Se em Dourados já não há um atendimento adequado da população para a saúde mental, ainda segundo o psiquiatra, nas aldeias esse problema é ainda pior, agravada pela miséria e vulnerabilidade. “A região tem alto indício não só de doentes pelas bebidas alcoólicas e drogas, mas de suicídio. E que continua presente. Necessita uma discussão antropológica para conter a ação discriminatória da sociedade não-indígena, falta de recursos apropriados para as aldeias e um acompanhamento médico satisfatório”.

“A gente faz o que pode, mas sozinhos praticamente a gente não pode fazer nada. Está tudo dominado pelo comércio ilegal (de bebidas) e tráfico”, resumiu à Folha o líder indígena da aldeia Jaguapiru, Isael Morales, o Capitão Neco.

Segundo ele, a situação na aldeia é de lotação. “Faz tempo que estamos vivendo um em cima do outro. Tem barraco que abriga até 15 pessoas e isso é desumano. Nem bicho vive assim.
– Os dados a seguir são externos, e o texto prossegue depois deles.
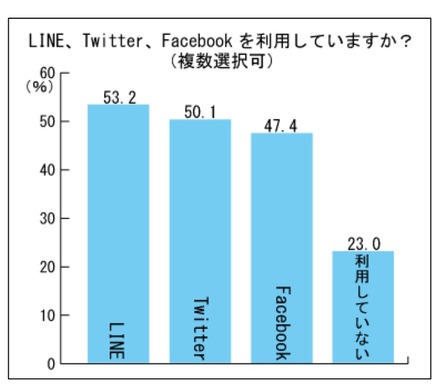 LINE・Twitter・Facebookを利用していますか？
Temos que unir as nossas forças e continuar lutando, mas é uma batalha muito dura porque toda essa realidade de consumo de álcool vem de berço e passa de pai para filho”.

Na opinião do líder indígena, além de comida e água, eles precisam de projetos para fortalecer as famílias, “e impedir que as nossas crianças tenham contato com todos esses males que destroem a nossa comunidade, como o álcool e as drogas”.
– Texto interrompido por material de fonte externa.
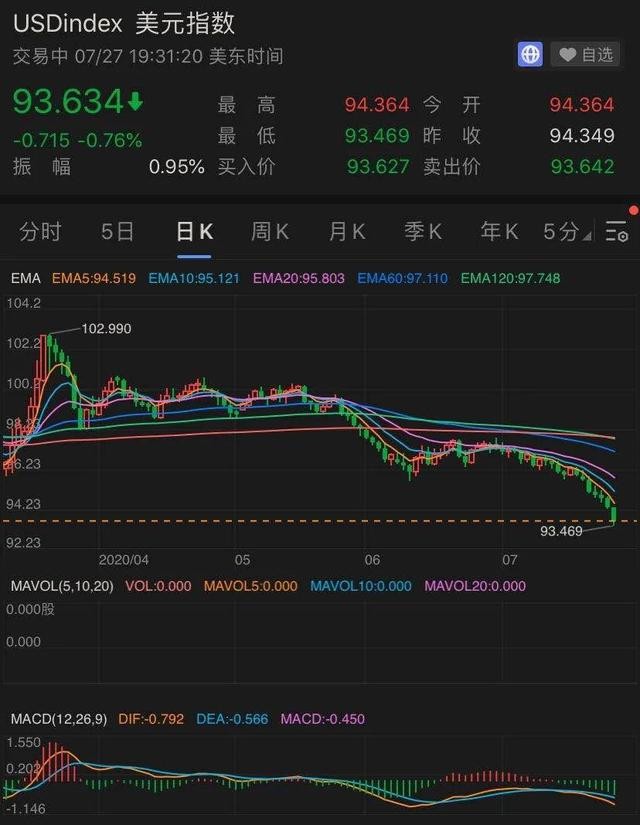 凌晨重磅！又有7万亿刺激计划，美元指数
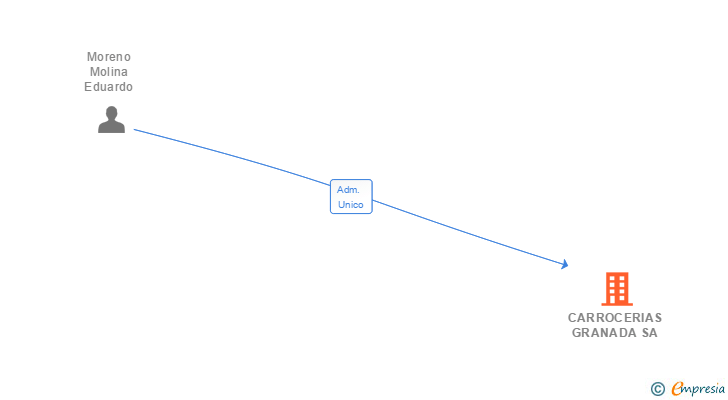 Vinculaciones societarias de CARROCERIAS GRANADA SA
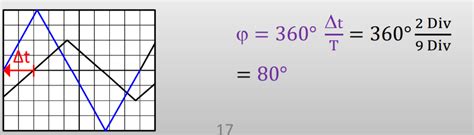 Phase Angle Formula 的图像结果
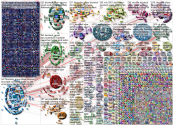BioNTech Twitter NodeXL SNA Map and Report for Friday, 20 November 2020 at 13:35 UTC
Em nota, a Prefeitura de Dourados, sob comando de Alan Guedes (PP), disse ser sensível à questão, e “lamenta profundamente a violência envolvendo a criança indígena e informa que, dentro das limitadas atribuições que lhe cabe, tem atendido a comunidade indígena”.
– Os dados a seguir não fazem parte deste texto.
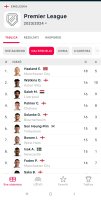 Screenshot_2024-04-05-04-12-00-426-edit_eu.livesport.FlashScore_com.jpg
O município, ainda segundo a nota, mantém projetos na área de educação, assistência social e saúde dentro das reservas.

“Porém, cabe ressaltar que, por se tratar de uma área federal, com índios tutelados pela União, a grande maioria das atribuições estruturantes, políticas públicas e investimentos é de competência do Governo Federal, que possui e já possuiu vários convênios com o governo do estado, principalmente na área de segurança pública e alimentação. O município atua como suporte”, diz a nota.

Procurados, o governo do estado, sob gestão de Reinaldo Azambuja (PSDB), e a Funai (Fundação Nacional do Índio), autarquia federal, não responderam até a conclusão da reportagem.